Initially, the court noted that the affidavits of service alleging that Rosabianca and the John Does were served with the summons and complaint at 55 Wall Street, by service upon a concierge even though Rosabianca did not reside do not identify any of the John Doe tenants. No judgment can be entered against an unidentified party. In any event, even if assuming service was effective, the motion was denied as Santoro/Micalizzi failed to submit proof of the facts constituting the claims.
In support of the motion, they relied on the unverified complaint, an affirmation of counsel, and the affidavit of Micalizzi. But the unverified complaint was utterly devoid of evidentiary value, and thus insufficient to support entry of a judgment. And, since counsel claimed no personal knowledge of the underlying facts, the affirmation of the counsel was without probative value or evidentiary significance on the motion. Nor was the affidavit of Micalizzi with exhibits sufficient to meet the burden on the motion since, even if accurate, his allegations fell short of establishing a claim of breach of contract, nuisance, or trespass.
Micalizzi alleged that on various dates between 2018 and 2019 he and Santoro, his wife, experienced noise disturbances and noxious odors emanating from Rosabianca’s unit. Micalizzi recounted that, on August 12, 2018, he was awoken in the middle of the night by loud music, screams and the sounds of video games, along with the smell of marijuana coming from Rosabianca’s unit. In April 2021, their tenant notified them that he also had been experiencing noise and odor emanating from Rosabianca’s unit, and that he purchased an air purifier and noise cancelling machine.

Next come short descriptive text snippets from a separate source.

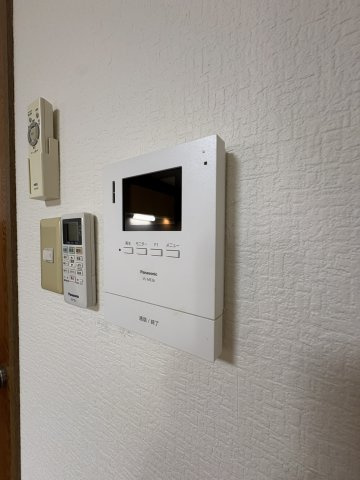ディアコート・ソシア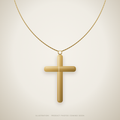 The Everyday Cross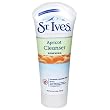 St. Ives Swiss Formula Apricot Cleanser, Renewing, 6.5-Ounce Tubes (Pack of 6)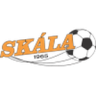 Skála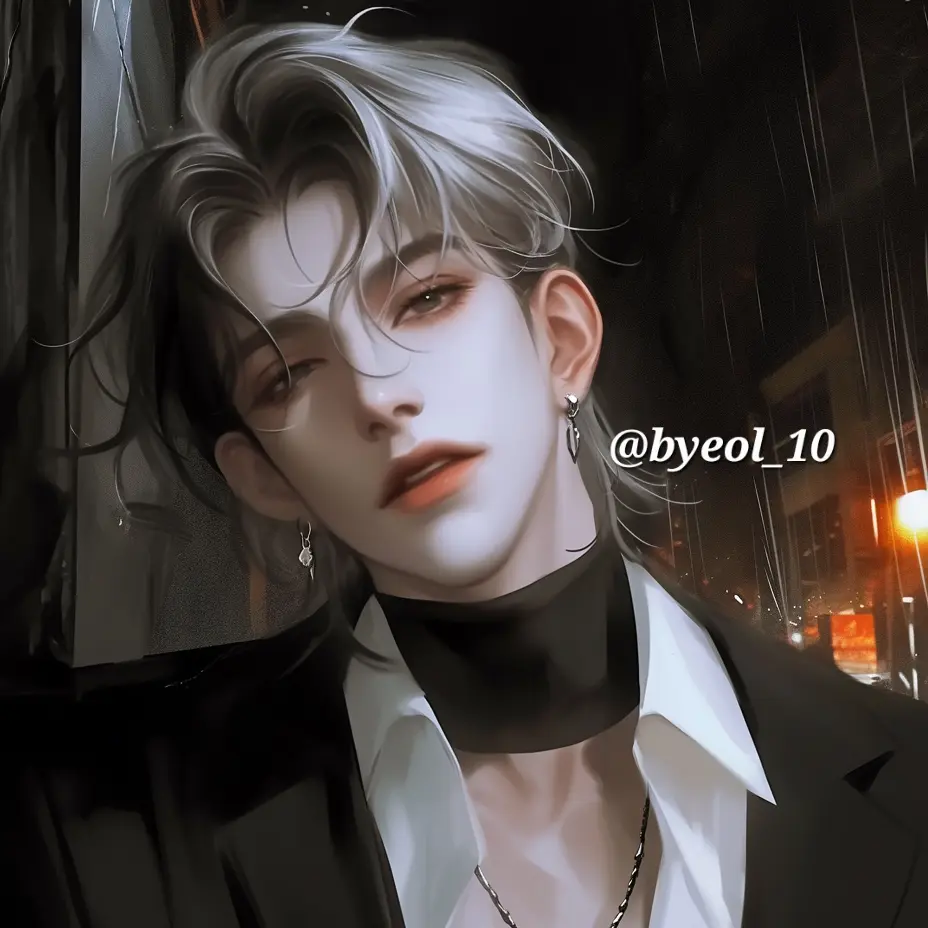byeol_10의 윤민호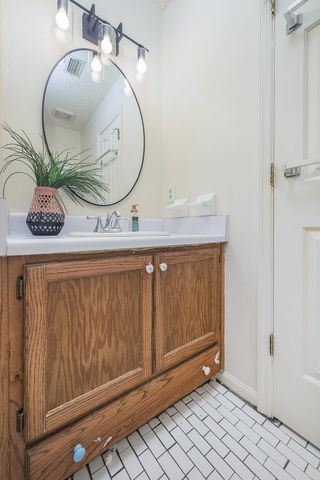 3514 Dundalk Drive, Tallahassee, FL 32309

Micalizzi further alleged that he contacted the board and a managing agent on many occasions starting in August 2018 but that, to his knowledge, they failed to take any definitive action, except that on one occasion when the board notified Rosabianca that the conduct of his tenants was in violation of the condominium’s by-laws. The affidavit submitted by Santoro stated only that she agrees with her husband’s allegations, offering no additional facts regarding the complained of conduct. Both affidavits are sworn and notarized in Italy and present an issue of compliance with CPLR 2309(c).
The breach of contract claim failed against Rosabianca because Santoro/Micaliz did not allege that any contractual relationship or privity of contract with him. Generally, only parties in privity may enforce the terms of the contract. Sanoro/Micalizzz did not allege any relationship with Rosabianca approaching privity. Nor did they provide any decisional authority to support a theory that owners of neighboring condominium units are in privity of contract with one another merely by virtue of proximity.

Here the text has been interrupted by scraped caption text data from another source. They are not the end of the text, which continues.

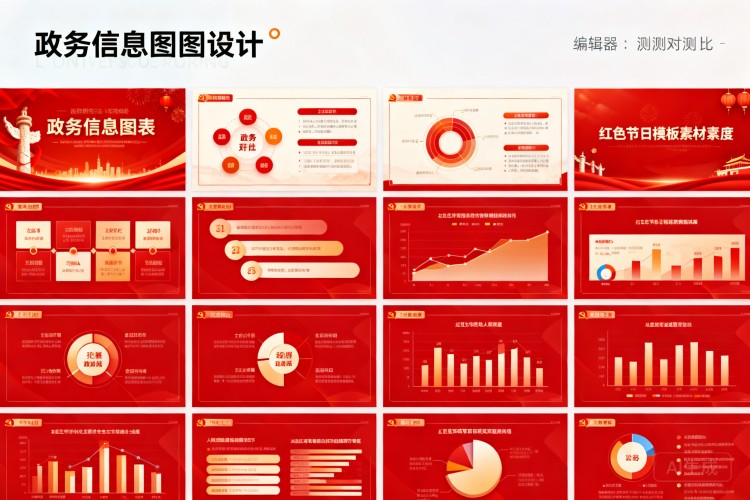 配图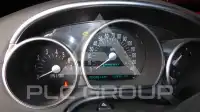 2005 Chevrolet Camero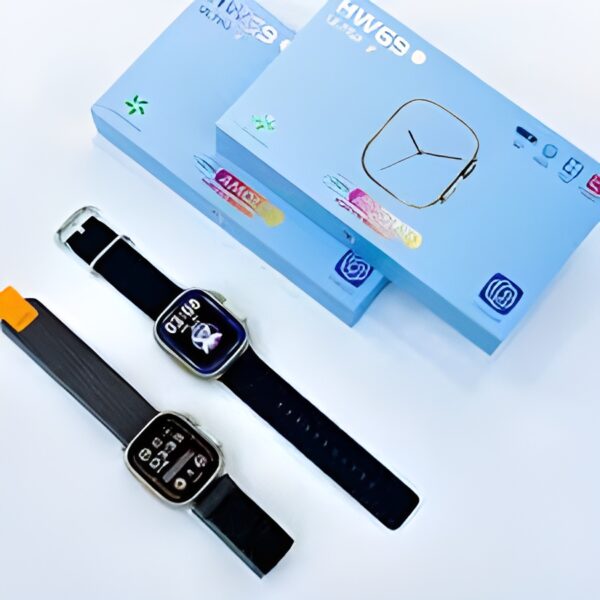 WhatsApp Image 2024 01 27 at 11.35.01 AM 1 - HW69 ULTRA 2 SMART WATCH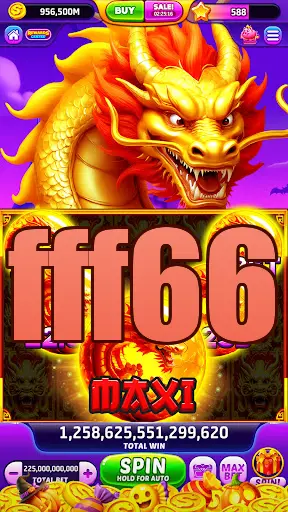 fff66 Unduh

The elements of the common law cause of action for a private nuisance are: (1) an interference substantial in nature; (2) intentional in origin; (3) unreasonable in character; (4) with the plaintiff’s property right to use and enjoy land; and (5) caused by another’s conduct in acting or failure to act. Nuisance imports a continuous invasion of rights. That is, nuisance is characterized by a pattern of continuity or recurrence of objectionable conduct.

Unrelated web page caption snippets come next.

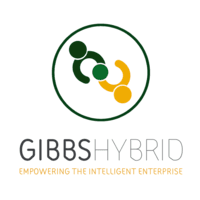 Gibbs Hybrid Poland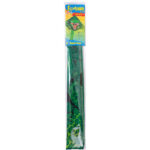 HQ Eco Simple Flyer 120 T-Rex - Afbeelding 3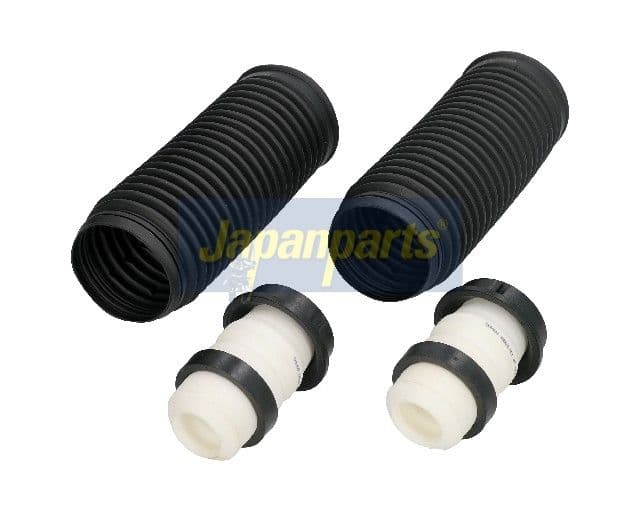 chit protectie praf,amortizor JAPANPARTS KTP-0946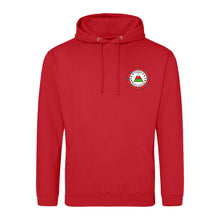 Ysgol Plas Coch - *Adult* Ffarwel Blwyddyn 6 Leavers Hoodie 2024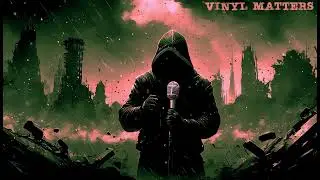 RICO DAN & SLIMZEE RINSE FM 2005 GRIME SET PAY AS YOU GO CARTEL UK PIRATE RADIO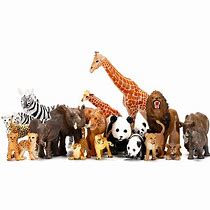 Image result for Wildlife Safari Toys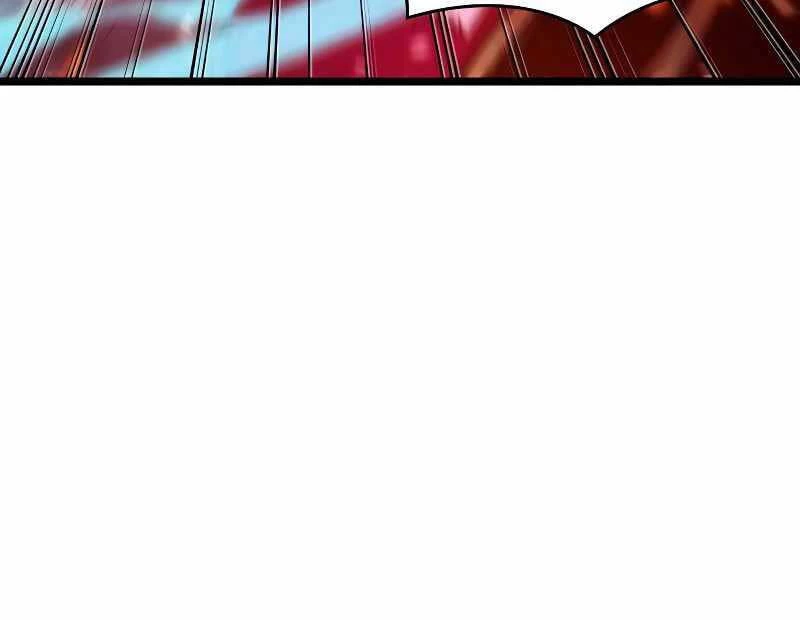 Thế Giới Sau Tận Thế Chapter 68 - 114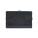 GLENN. PU card case with elastic closure - 95128-103-b - variant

“Great noise” or “noxious vapors” may constitute an interference with a right to use and enjoy land, i.e. a nuisance. However, not every intrusion will constitute a nuisance. Persons living in organized communities must suffer some damage, annoyance, and inconvenience from each other. A person living in a city must expect to suffer the dirt, smoke, noisome odors, and confusion incident to city life. The noise complained of must be substantial and unreasonable, something more than noises that are incidental to normal occupancy.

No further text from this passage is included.